But he's not at the docks today. Jim's sitting on a nice big crate, and most of his band are off being inconspicuous. Jim's acting as lookout. When he whistles, the show of inconspicuousness is temporarily lifted, and a few unwary passers by find themselves relieved of a silver crown or two. Jim perks up, because two men have just come ont his pier. But then he sinks back down again. These don't look like the type. See, Jim looks for the sort of guy whose manner is genial to the parting of purses--fat old merchants coming down to oversee a ship, for instnace--and these chaps don't exactly give off "Rob Me!" signals. Everyone in the Docks carries a sword, but these don't just carry them. As narrow the gap is between being carried and being wielded, the swords of these two men traverse it twice and once again.

Jim tries to make himself inconspicuous, too.

Too late. They've seen him, and are striding over. This is unusual, as most often no one pays attention tothe urchins, and if they do, it is simply to adjust their course so that their passage and the locus of the poor wretch in no way cross. But these men are walking towards Big Jimmy, which means they want something with him.

Blood hell, who cares? Jim can fence better than most grown men. "Gentlemen," he sais, and bows a bit.

His courtesy is rewarded with an icy stare. "Yer James Allknock Et Cetera?" asks one of the men.

"James who? Never met him." Big Jim has caught site of the pommel of one of the men's swords. Upon it is a circular device, cut through the center with a sinuous line. Half of the circle is scratched so as to appear darker than the other.

This is the symbol of the Shades. Best to get away as soon as possible.

The other man smirks. "We'll take that as a yes, then?" Teeth flash like steel. Jim sets his jaw. He was supposed to be good at bluffing.

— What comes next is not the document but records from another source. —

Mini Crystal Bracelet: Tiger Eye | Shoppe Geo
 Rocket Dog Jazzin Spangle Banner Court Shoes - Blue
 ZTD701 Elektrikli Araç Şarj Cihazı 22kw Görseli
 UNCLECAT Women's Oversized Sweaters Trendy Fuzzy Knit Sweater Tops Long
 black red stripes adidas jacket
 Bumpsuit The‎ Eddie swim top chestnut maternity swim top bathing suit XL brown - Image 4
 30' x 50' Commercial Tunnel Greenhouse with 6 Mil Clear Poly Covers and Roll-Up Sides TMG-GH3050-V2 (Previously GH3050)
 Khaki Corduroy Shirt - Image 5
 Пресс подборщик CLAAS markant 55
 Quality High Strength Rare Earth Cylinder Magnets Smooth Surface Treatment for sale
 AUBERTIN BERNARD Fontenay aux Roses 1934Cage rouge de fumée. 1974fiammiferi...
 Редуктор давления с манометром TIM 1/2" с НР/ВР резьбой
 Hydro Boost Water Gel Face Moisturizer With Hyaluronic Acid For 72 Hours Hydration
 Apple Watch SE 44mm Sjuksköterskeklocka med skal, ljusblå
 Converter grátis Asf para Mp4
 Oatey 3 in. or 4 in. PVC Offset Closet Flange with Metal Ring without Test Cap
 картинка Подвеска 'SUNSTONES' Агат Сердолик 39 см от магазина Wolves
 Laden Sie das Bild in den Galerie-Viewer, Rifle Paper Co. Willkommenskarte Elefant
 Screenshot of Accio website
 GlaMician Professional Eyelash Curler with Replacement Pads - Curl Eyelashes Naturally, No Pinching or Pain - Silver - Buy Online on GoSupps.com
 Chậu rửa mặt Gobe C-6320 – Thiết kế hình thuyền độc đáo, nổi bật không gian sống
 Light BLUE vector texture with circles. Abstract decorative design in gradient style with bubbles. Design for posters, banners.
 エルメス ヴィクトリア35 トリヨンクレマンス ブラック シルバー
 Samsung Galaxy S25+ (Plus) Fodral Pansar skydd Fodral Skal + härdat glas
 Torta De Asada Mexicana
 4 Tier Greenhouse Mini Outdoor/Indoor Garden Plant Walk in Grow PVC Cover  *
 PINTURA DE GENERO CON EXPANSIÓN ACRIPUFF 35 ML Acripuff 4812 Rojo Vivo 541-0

"Stay away from the Theif," the first man says. "Our client knows someone who knows someone who thinks you're a good kid." His expression clearly shows his opinion of that sentiment. "So it would be to our disadvantage were you to get hurt."

With that, the men twirl and stride away. When the have again reached the shore-end of the pier, they stop, and one hurls something towards Jim. It soars gracefully for a few seconds, a black streamer making a dramatic cut of the sun, then lands with a small clatter at Big Jimmy's feet. He bends to pick it up. On the end of the ribbon is a stone encased in a bit of parchment. "Wear this," it says.

Grimly, the lad braids the black ribbon into his hair.

-----
end
-----

Expect the next update in a week or two. 

Hope you enjoyed it,
--Jeff


----------



## Paka (Jan 21, 2004)

As someone once wrote on my own Story Hour, "_Not half bad writing.   _  "

Is the P.C. playing the Thief or Jimmy or what?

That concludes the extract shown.